Mr Williams said: "I think the five mile rule is utterly barking mad. It is clearly a line thought up by a city-focussed government.
"Five miles? Most people cannot get to a supermarket or a shop in Montgomeryshire, let alone to family and friends."
Mr Williams added: "Hopefully they will relax the five-mile rule for rural areas."
The Conservative MP did say he was pleased Wales was moving closer to England in terms of approach to lockdown rules.
He said the countries would benefit from a unified approach – particularly because the UK government is funding a number of schemes such as the furlough policy.
He said: "I am delighted that England and Wales seem to be coming together and we seem to be seeing a UK approach.
"At the end of the day it has to happen because the schemes like furloughing are paid for by the UK Government, as well as other support mechanisms, so as we come out of lockdown we have to come out together because a lot of money is coming from the exchequer."

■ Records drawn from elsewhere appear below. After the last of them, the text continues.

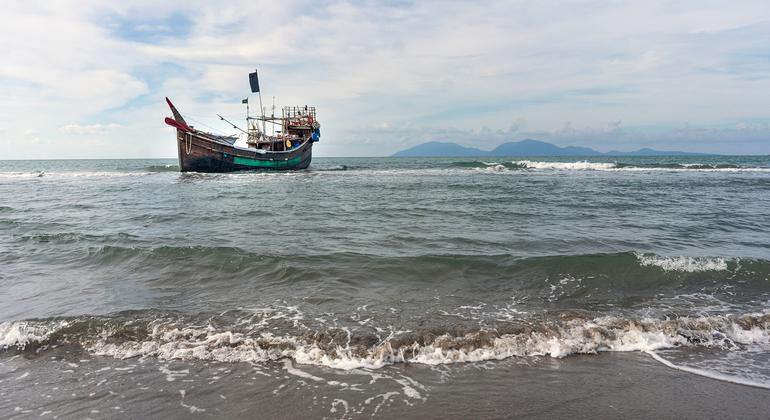 Com segurança no mar em pauta, OMI alerta para crises em Ormuz e Somália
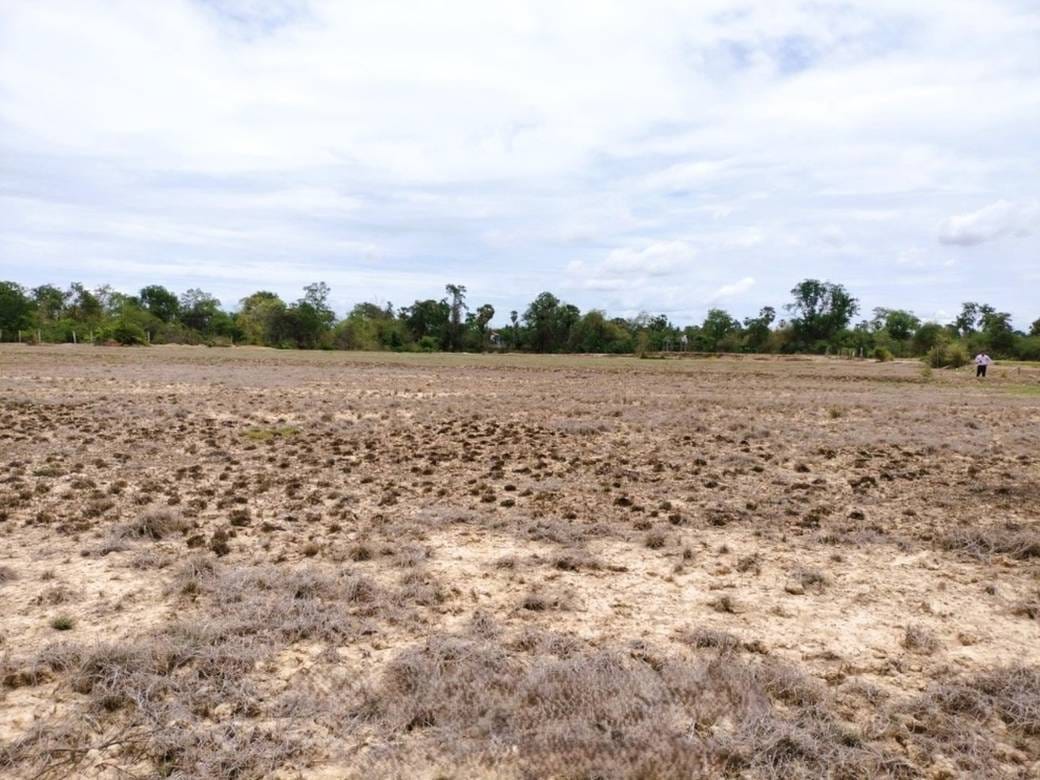 Lot For Sale in Chbar Mon $143,000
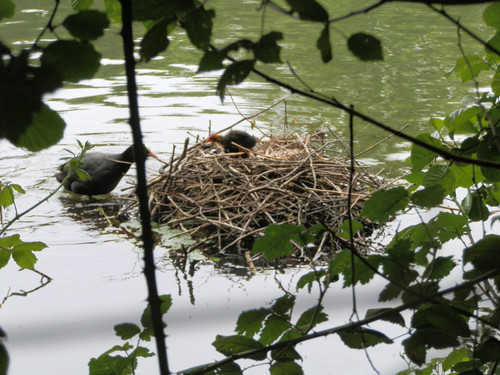 Olivet Bords du Loiret 64.jpg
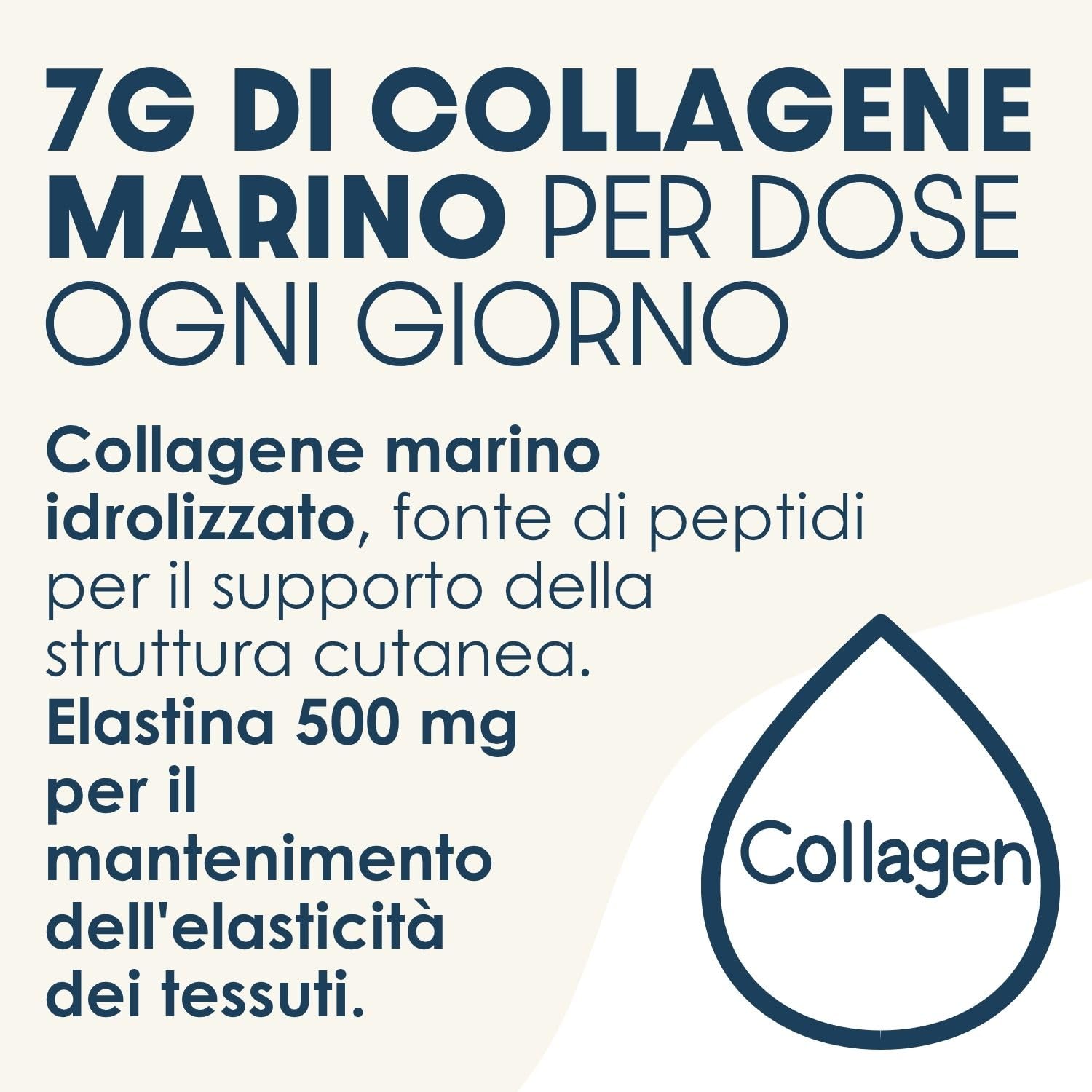 PURANOVA - Puracollagen 50+ | Collagene Marino Idrolizzato 7g con Elastina, Magnesio e Vitamina D |Collagene In Polvere Pelle Matura | Gusto Nocciola e Cioccolato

Speaking ahead of the announcement, Mr Drakeford said: "We know people have missed seeing their families and friends over the last three months while the stay-at-home regulations have been in place.
"From Monday, people from two different households in the same local area will be able to meet up outdoors. They must continue to maintain social distancing and strict hand hygiene.
"We are also asking people to stay local - by local we mean, as a general rule, not travelling more than five miles from home to reduce the risk of coronavirus spreading as people begin to travel more.
"There will be exceptions - for example, travelling to work, to seek care and shopping for essentials if they aren't available locally.
"Staying local will help keep Wales safe."
'Unfit for purpose'
Russell George, Welsh Parliament member for Montgomeryshire, echoed Mr Williams' thoughts.
He said: “A five-mile travel ban for meeting friends and family will let people travel from one side of Cardiff to the other, but in rural Montgomeryshire, it won’t let many people travel to their nearest town or village. It is therefore unfit for purpose for much of rural Mid Wales.
“This policy is arbitrary and it is unfair to say to many families, who haven't seen each other for months, that they cannot mix.
"For many people this will mean they will see grandparents and grandchildren reunited in the garden next door, while they are left isolated.
"After many weeks of restrictions, the Welsh Government would have been better to stress that people should exercise their own best judgement rather than to set an arbitrary rule of five miles.
"For me, I believe that we all need to exercise common sense and personal responsibility, interpreting the rules based on our own individual circumstances while adhering to important social distancing and personal hygiene guidelines.
"This announcement was also a huge missed opportunity to say something positive to businesses in Mid Wales.
"The Welsh Government needs to support business to help reduce the risk of our local economy in Mid Wales slipping further towards a recession and allow those many businesses which are ready to implement proper social distancing to re-open their premises to get the economy moving again."
On Thursday, Public Health Wales announced a further 14 people had died after testing positive for Covid-19, bringing its total confirmed deaths to 1,307, though the true number is known to be more than 2,000.
In Powys Public Health Wales has only confirmed 13 deaths but statistics from the Office for National Statistics show 84 people are thought to have died.
Another 72 cases of the virus were also reported, bringing the total of confirmed cases in Wales so far to 13,725.